Endovascular treatment of cerebral aneurysms is now a commonplace procedure and has largely superseded the former gold standard of craniotomy for clipping. The primary advantage of endovascular surgery over microsurgery is the minimization of approach-associated morbidity. Even at the hands of the best neurosurgeons, the approach-associated morbidity of a craniotomy is significantly greater than endovascular approach. The liabilities of endovascular treatment, namely, lack of control at the operative site and questionable long-term durability, are increasingly being addressed with incremental innovation in support catheter, balloon technology, and coil/stent technologies. More recently, the advent of flow diverters, a disruptive technology when compared with endosaccular devices, is changing the paradigm of aneurysm treatment and allowing safe treatment of extraordinary lesions with much lower recurrence rates. The immediate future holds the promise for better tools to help us provide the best care for our patients, which should always be at the center of all considerations.
For this reason, we must approach this future with our eyes open and maintain a little skepticism. While the advances of technology in endovascular neurosurgery are impressive, for some pathologic processes, the indications for treatment remain undefined. Nowhere is this more evident than in the treatment of acute ischemic stroke from large vessel occlusion (LVO). With advances in stentriever and suction thrombectomy devices, successful angiographic recanalization rates are now consistently greater than 80%. However, as recent prospective randomized studies have shown, thrombectomy has yet to show a significant improvement in patient outcomes. While there are many valid criticisms of these prospective, randomized trials (especially the poor representation of current technology), the key issue is likely patient selection. Simply put, we do not yet know which patients will benefit from thrombectomy for acute LVO. As the practitioners capable of providing these remarkable endovascular treatments, it is incumbent on us to lead the research that will determine which patients are the best candidates for therapy.

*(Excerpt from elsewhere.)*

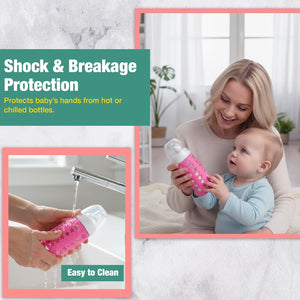 Safe-O-Kid Silicone Bottle Cover 250ml - Baby Feeding Gear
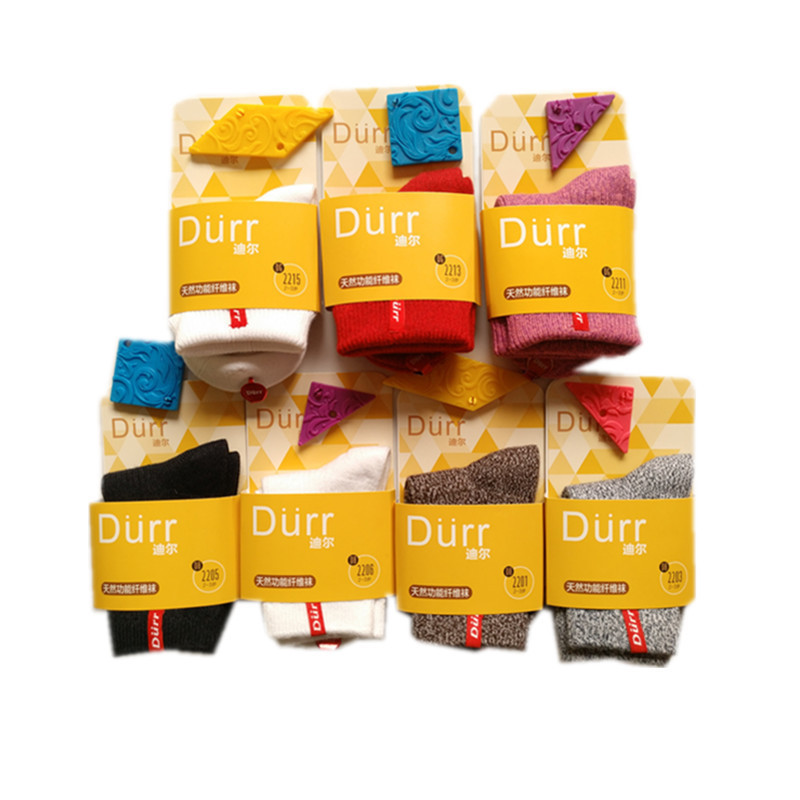 迪尔保暖厚实宽松冬款正品亲子袜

Arteriovenous malformation also represents an area where patient selection is of the essence to improve patient outcomes. Endovascular therapy definitely represents a valid option or adjunct but the benefit could be nullified by inexperienced hands or if the procedure is directed toward the wrong kind of patient toward the wrong patient.
In summary, it remains primordial to educate present and future generations to be neurovascular specialists and not only mere technological savants. We hope this issue of Neurosurgery Clinics of North America will serve as a high-level topic review and keep the readers updated on current and future neurointervention directions.